___ Stored data

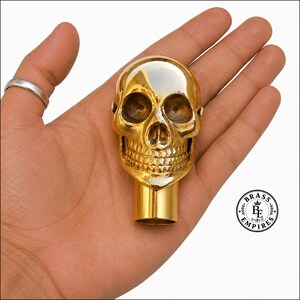 Puede incluir: Un mango o remate en forma de calavera de latón pulido de color dorado con cuencas oculares profundas, una cavidad nasal definida y dientes detallados. Un punto de fijación cilíndrico se extiende desde la base. El logotipo Brass Empires es visible en la esquina.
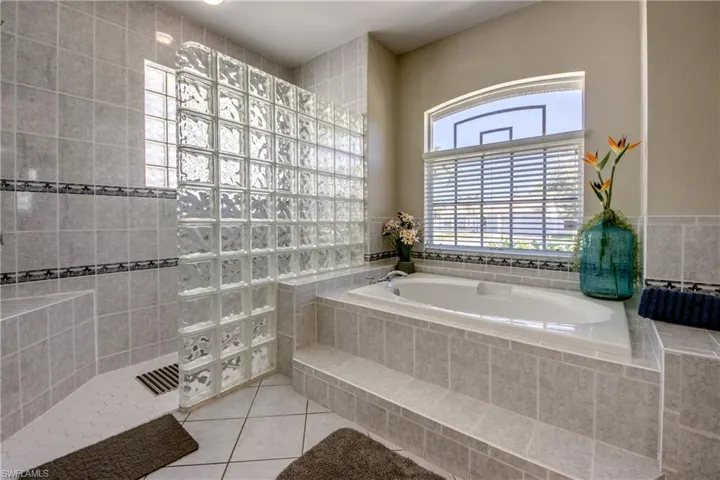 Bathroom featuring tile flooring and a relaxing tiled bath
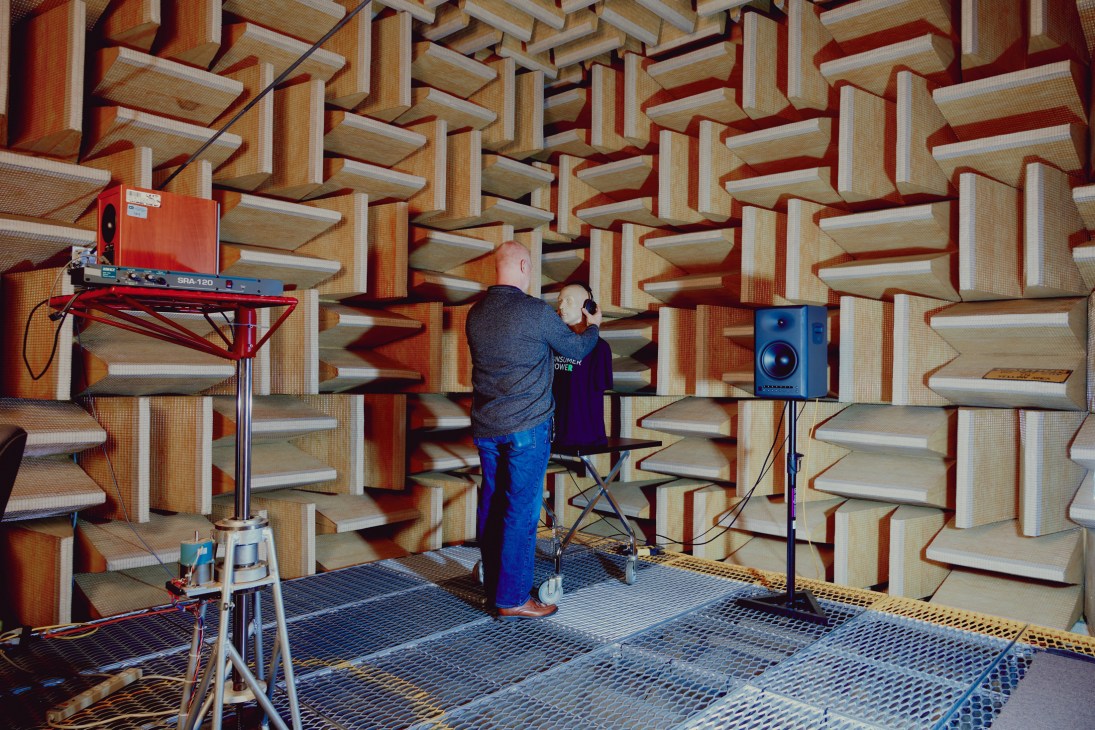 Anechoic chamber with foam acoustic panels covering walls and ceiling in geometric triangular pattern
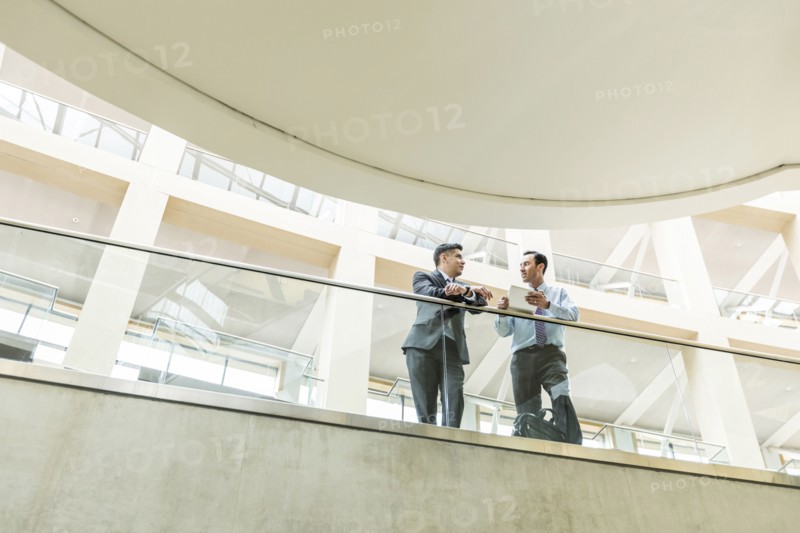 Mixed Race businessmen talking in lobby using digital tablet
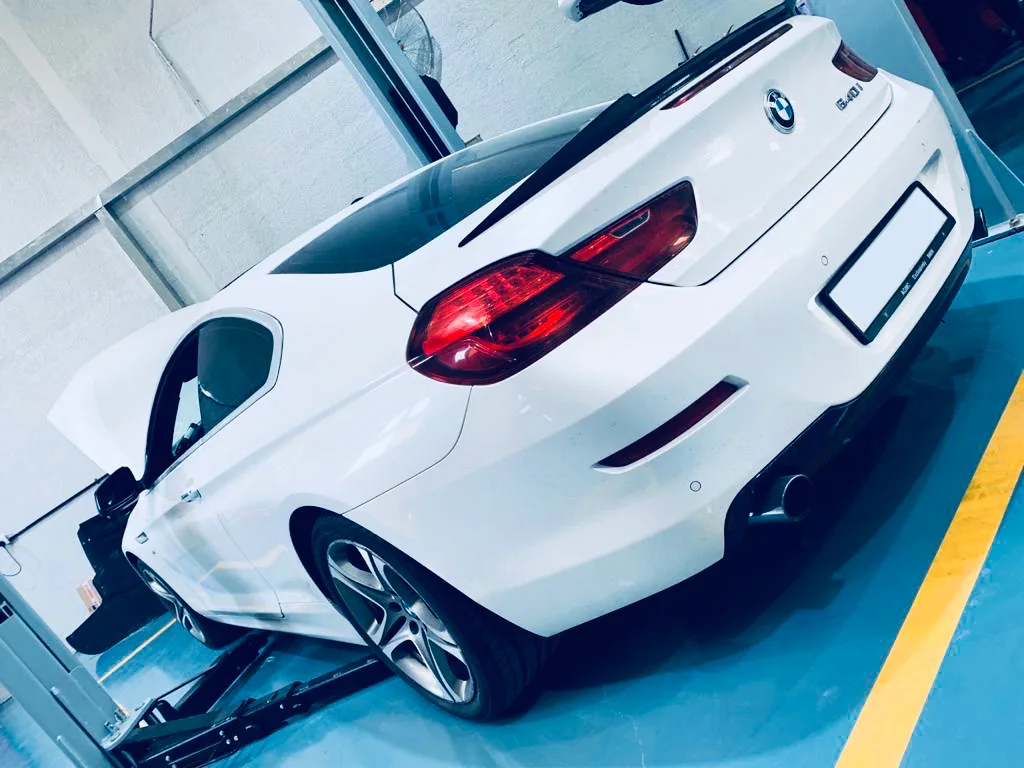 White BMW 6 Series convertible, rear three-quarter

______

• _Instructions to follow_: Would you copy every entry exactly as it stands, leaving out the pictures?

• _Exercise solution_:
 Puede incluir: Un mango o remate en forma de calavera de latón pulido de color dorado con cuencas oculares profundas, una cavidad nasal definida y dientes detallados. Un punto de fijación cilíndrico se extiende desde la base. El logotipo Brass Empires es visible en la esquina.
 Bathroom featuring tile flooring and a relaxing tiled bath
 Anechoic chamber with foam acoustic panels covering walls and ceiling in geometric triangular pattern
 Mixed Race businessmen talking in lobby using digital tablet
 White BMW 6 Series convertible, rear three-quarter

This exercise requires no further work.